The title is pretty self explanatory. Basically here are a few things that I've learnt since coming back into the game and from reading Battle Reports it seems that people are making these mistakes all the time.
I don't claim to be any sort of 40K guru but these things might make the difference between success and failure. Whilst they're geared to assaulting army like Space Wolves they apply to most 40K armies too.
1. Location, Location, Location
It's important to deploy your units in suitable positions e.g. long fangs somewhere with good cover and good fire lines. However, I'd say it's even more important to position the individual models within your units.

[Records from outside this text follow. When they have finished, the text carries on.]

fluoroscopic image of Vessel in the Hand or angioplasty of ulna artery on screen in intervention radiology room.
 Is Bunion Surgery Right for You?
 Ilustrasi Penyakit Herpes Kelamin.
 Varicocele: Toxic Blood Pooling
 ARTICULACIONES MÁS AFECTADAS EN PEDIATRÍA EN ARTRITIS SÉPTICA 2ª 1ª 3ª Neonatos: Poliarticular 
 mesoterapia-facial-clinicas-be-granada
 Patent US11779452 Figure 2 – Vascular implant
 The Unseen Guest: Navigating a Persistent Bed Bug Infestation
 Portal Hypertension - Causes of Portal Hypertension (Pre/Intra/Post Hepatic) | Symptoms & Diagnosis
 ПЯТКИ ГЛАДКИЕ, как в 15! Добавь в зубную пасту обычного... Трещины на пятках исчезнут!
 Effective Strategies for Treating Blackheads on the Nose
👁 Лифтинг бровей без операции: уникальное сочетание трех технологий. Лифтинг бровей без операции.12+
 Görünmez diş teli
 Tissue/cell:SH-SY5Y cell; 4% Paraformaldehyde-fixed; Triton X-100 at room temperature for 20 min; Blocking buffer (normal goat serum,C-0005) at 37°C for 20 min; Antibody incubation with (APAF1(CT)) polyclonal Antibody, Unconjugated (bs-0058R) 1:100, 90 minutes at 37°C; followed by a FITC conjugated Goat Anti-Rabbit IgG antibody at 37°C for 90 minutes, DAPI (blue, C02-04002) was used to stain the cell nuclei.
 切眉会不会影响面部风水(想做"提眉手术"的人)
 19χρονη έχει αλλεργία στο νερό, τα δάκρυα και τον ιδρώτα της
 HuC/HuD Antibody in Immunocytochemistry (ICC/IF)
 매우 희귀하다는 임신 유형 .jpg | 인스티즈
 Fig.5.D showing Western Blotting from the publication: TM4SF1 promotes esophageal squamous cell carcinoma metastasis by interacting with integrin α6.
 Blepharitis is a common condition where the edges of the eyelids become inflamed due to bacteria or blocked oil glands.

There's the obvious things like put template weapons (i.e. flamers) at the front but in a similar way make sure your meltaguns are up front to give them the best chance of half-range shots. Independent characters should go front and centre too. This will make sure they're always going to take part in an assault. Hiding them in a unit doesn't work as they're going to Pile In before the rest of the unit anyway.
Positioning units as a meatshield is also an effective way of giving a unit a cover save for example fenrisian wolves protecting thunderwolves.
Finally, correct positioning of the individual models means that when removing casualties you can do so without hampering effectiveness or coherency. Put your important models in the middle so that when you remove casualties you're never likely to have to remove them. Bear in mind that when being assaulted you may want to remove the front line of troops to prevent a charge after being shot at.
2. Stay Indoors
It may sound obvious but it's certainly something I didn't learn straight away. Since Space Wolves are predominantly a mechanised army it's important to use your transports correctly. It's very tempting to move 12" towards your target, get out, rapid fire and see what's still standing. Even though your grey hunters are adept at shooting they're far more effective if they charge.
If possible stay in your transport until someone blows it up. It can be surprisingly difficult for most units to de-mech you, especially if you moved 12" and popped smoke. However, if you've moved into a suitable position on the previous turn then by all means get out and charge your opponent. However, disembarking early just means you're wasting the protection of the vehicle. Obviously the Land Raider is an exception to this since you can move and assault.
Carefully decide whether to move your Rhinos 12" to get as close as possible or just 6" so you can shoot. Rune Priests with Lightning/Jaws/Hurricane should be allowed to shoot from the Rhino if possible.
3. Hold Your Fire!
We've all done it. You get your unit into assault range, try to thin out your opponent with a spot of shooting. Your shooting is a bit more effective than you expected so you actually kill a good number of your enemy. Your cunning opponent then removes the front line of troops and you find yourself no longer in range. In his turn he charges you and it doesn't end well!
Judging distances is vital in 40K. Get used to what 6" looks like. It's normally further than you think when being charged and shorter when you're doing the charging! When you move into assault range figure out in your head roughly how effective your shooting will be. If you're just over an inch or two away then by all means shoot but otherwise think carefully about it.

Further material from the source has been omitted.